Python

Example source code using OpenCV and the mediapipe library to detect body parts. The source code supports identifying facial landmarks and hand positions with custom labels.

This code creates a graphical application using PyQt5 to detect hands and faces from a live video feed, powered by OpenCV and MediaPipe. The application can recognize the number of raised fingers and display the name of each finger. Additionally, it detects the face and marks the forehead position with a cross.

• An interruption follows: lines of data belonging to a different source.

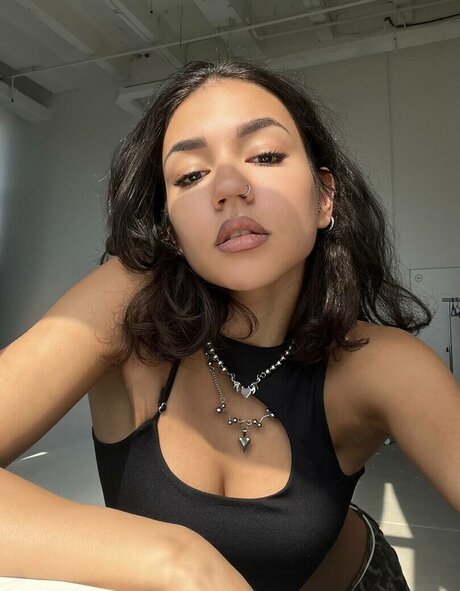 Yashankulova Profile pic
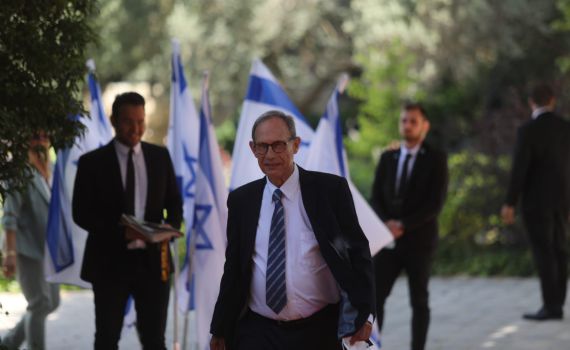 שר התפוצות ימריא לזירת האסון במיאמי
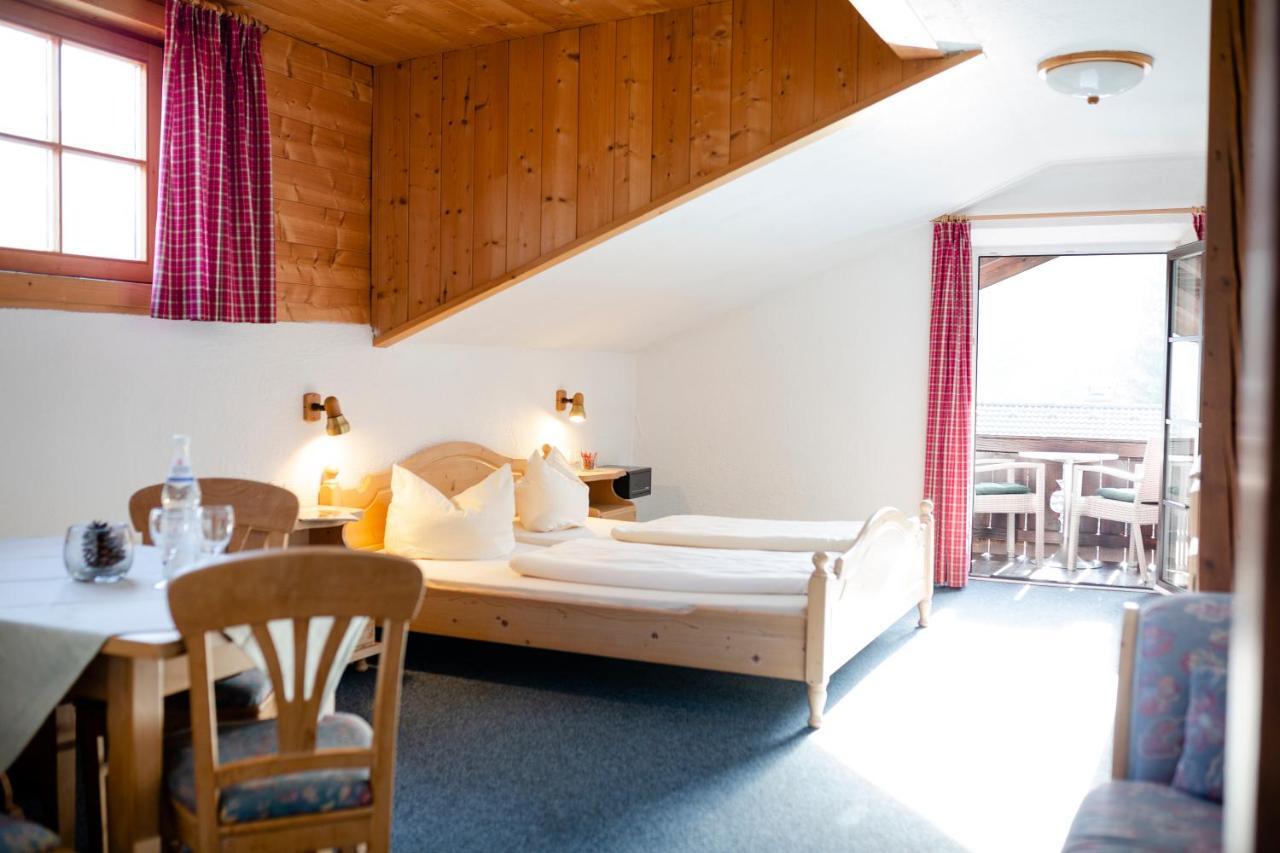 Gastehaus Maria Theresia Hotel Garni Шлирзе Экстерьер фото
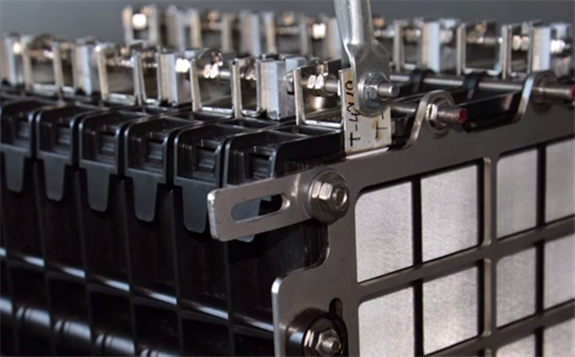 “電池大戰(zhàn)”會(huì)影響電動(dòng)汽車市場(chǎng)嗎？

Main Structure of the Code

  1. Initialize Libraries and Modules:
    • Initializes MediaPipe Hands to detect hands and Face Detection to detect faces with a minimum confidence of 0.7.
    • Specifies the path to a Unicode font to display finger names in Vietnamese.
  2. Main Functions:
    • fingers_up: Identifies which fingers are raised based on the landmark coordinates of each finger.
    • draw_finger_names: Displays the name of each finger on the frame.
    • draw_forehead_cross: Marks the forehead position with a cross on the detected face.
  3. VideoApp Class:
    • Creates a graphical interface to display live video from the camera with two control buttons:
      • Start Tracking: Starts detection and tracking.
      • Stop: Stops the detection process.
    • The update_frame function processes each video frame:
      • Converts the frame for hand and face detection processing.
      • If a hand is detected, draws connections and displays the number of raised fingers along with each finger’s name.
      • If a face is detected, draws a box around the face and a cross on the forehead.
    • add_letterbox: Centers the video with black padding around it.
  4. Run the Application:
    • Initializes and runs the Qt application with a window showing the live video feed from the camera and detection features.

Usage Instructions

  1. Run the Application: Run the code, and the Hand and Face Tracking window will open.
  2. Start Tracking: Press the Start Tracking button to enable the camera and start detection.
  3. View Results:
    • The number of raised fingers and the name of each finger will be displayed on the screen if a hand is detected.
    • If a face is detected, the application will draw a box around it and mark the forehead position with a cross.
  4. Stop Tracking: Press the Stop button to stop the camera and clear the display.